Web (8 ;4, techn. I) a été citée p. 78 du vol. XXVII pour ses idées sur la transmission : « l’élan va traverser les boules » puis il est expliqué par l’air. Pour une bille seule, « l’élan c’est comme une force qui pousse la bille à la descente pour la faire remonter. La vitesse c’est qu’on va vite ». L’élan croît progressivement à la descente (dessin) et diminue graduellement à la montée. La vitesse a son maximum juste avant le milieu. L’élan augmente avec le nombre des billes.

Mul (8 ;1, techn. II) ne parle pas d’élan mais de ses composantes habituelles : pour 9/5 « quatre partent ici (passives), car là (actives) c’est lourd et si c’est lourd ça pousse » et dans le cas de trois billes le départ de la dernière « dépend de la vitesse » de l’active.

Car (8 ;2, techn. II). Même réaction : avec deux billes pour neuf, le départ sera de deux « car elles (actives) sont lourdes. — Qu’est-ce que ça

fait la lourdeur ? — Elles ont du poids, ça fait partir ». Mais le même effet pour une active est ensuite décrit en termes de : « Elle a shooté celle-là. — Et elle-même (on montre l’active) ? — Elle a shooté (sur le mode réflexif ). »

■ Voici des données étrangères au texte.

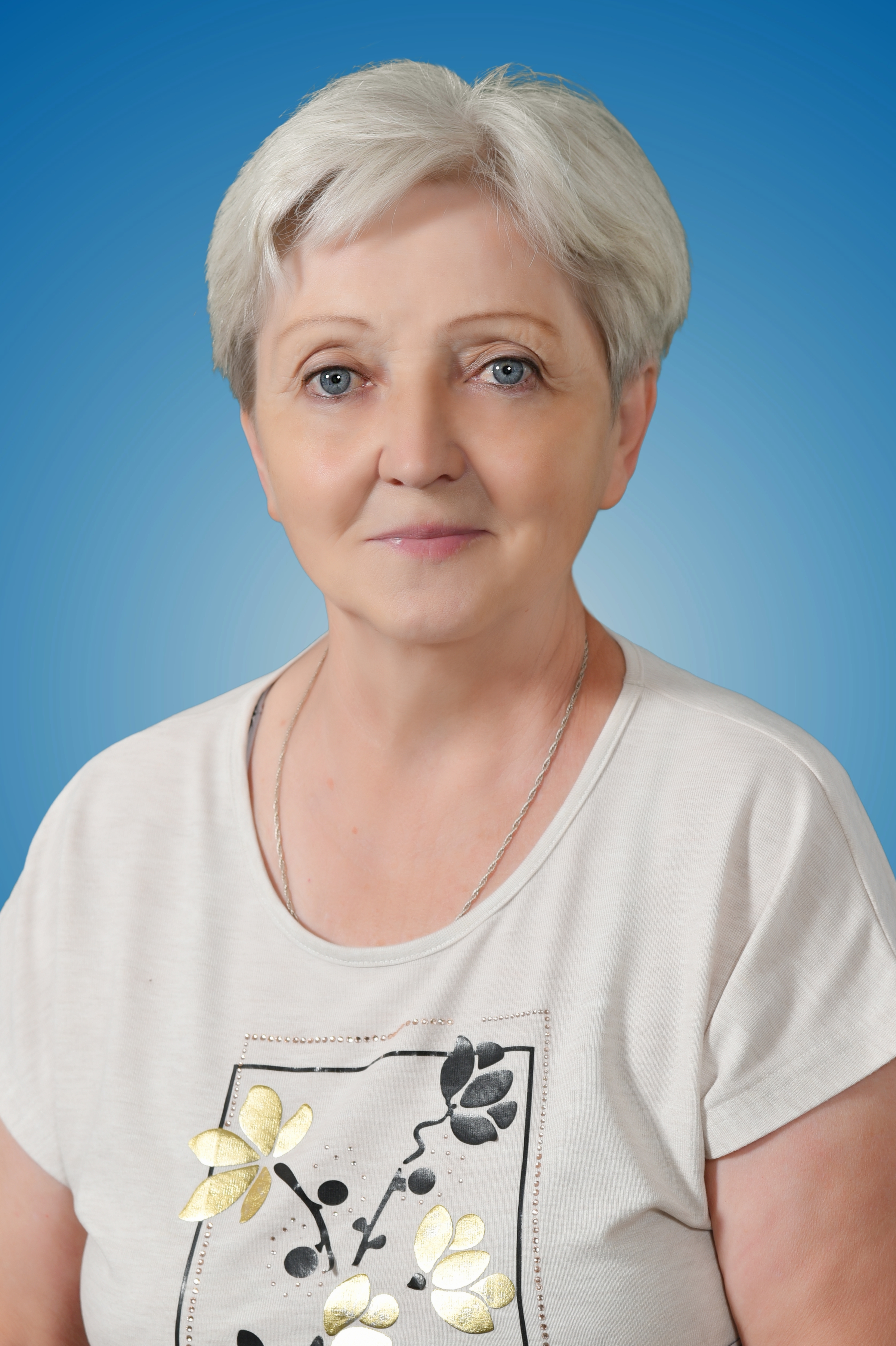 Воспитатель высшей категории Зотова Галина Михайловна.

Cor (8 ;3) passe du poids à l’élan. Four 9/1 prévision : « La rouge (active) est tombée, elle a fait balancer la bleue (il les énumère dans l’ordre de la transmission) et la grise est montée car c’est le poids qui la fait aller plus haut. La rouge a fait balancer toutes (nouvelle énumération) et ça a fait (du poids), plus le poids de la rouge. La grise (dernière) a eu plus de poids que tes autres el elle se balance plus (transmission cumulative !). A la grise il y a eu tout le poids. — De quoi ? — De toutes les autres. » Puis pour 9/2 : « Ça fait plus de poids et ça arrive jusqu’à la brune (avant-dernière). » Mais le poids agit « quand on met en haut. — Qu’est-ce que ça fait ? — L’élan. C’est plus lourd et quand c’est plus lourd ça fait monter plus haut les deux ». Dans la suite ce n’est plus le poids qui transmet sa force mais « c’est elle (l’active) qui donne l’élan aux autres. En haut on lui donne de l’élan et après elle en a plus (= davantage). — Qui donne l’élan ? — La pente. — Sur les pentes du Salève tu as de l’élan ? — Oui car on va vite ». « En haut on n’en a pas encore, mais la pente nous en donne, la même chose jusqu’en bas, je freine et à la fin de la pente il n’y a plus d’élan. » Mais quand la bille en touche une autre : « Ça a du poids, c’est obligé de donner (de l’élan), car ça en fait monter une. »

Nous avons la chance, dans ce domaine de la causalité où le vocabulaire du sens commun et de l’enfant demeure si imprécis ou inspiré par une fausse science, de rencontrer avec le terme d’« élan » une notion dont nos sujets font un usage systématique et en bonne partie original 1. A comparer ces réactions à celles du stade I (y compris le niveau IB où le mot « élan » apparaît occasionnellement), on constate, en effet, deux changements importants qui s’éclairent mutuellement.

Le premier pourrait paraître peu significatif mais est au contraire à considérer avec soin : la montée d’une bille isolée s’explique dorénavant par l’élan acquis lors de sa descente initiale, ce qui montre immédiatement que l’élan comporte dès ce niveau un début de continuité ou une conservation momentanée, complémentaire de l’accroissement initial de vitesse par lequel il est défini généralement. Au stade I la montée de la bille du côté opposé à sa descente s’explique simplement par le fait que « c’est son chemin » (Den IA), qu’« elle se balance » (Bar, Iva : IA), que « ça va vite » (Jan IB), « elle ne pourra pas s’arrêter » (Tiz IB), « ça va plus loin quand

(1) Mais comparable à l’impetus dans l’histoire de la dynamique.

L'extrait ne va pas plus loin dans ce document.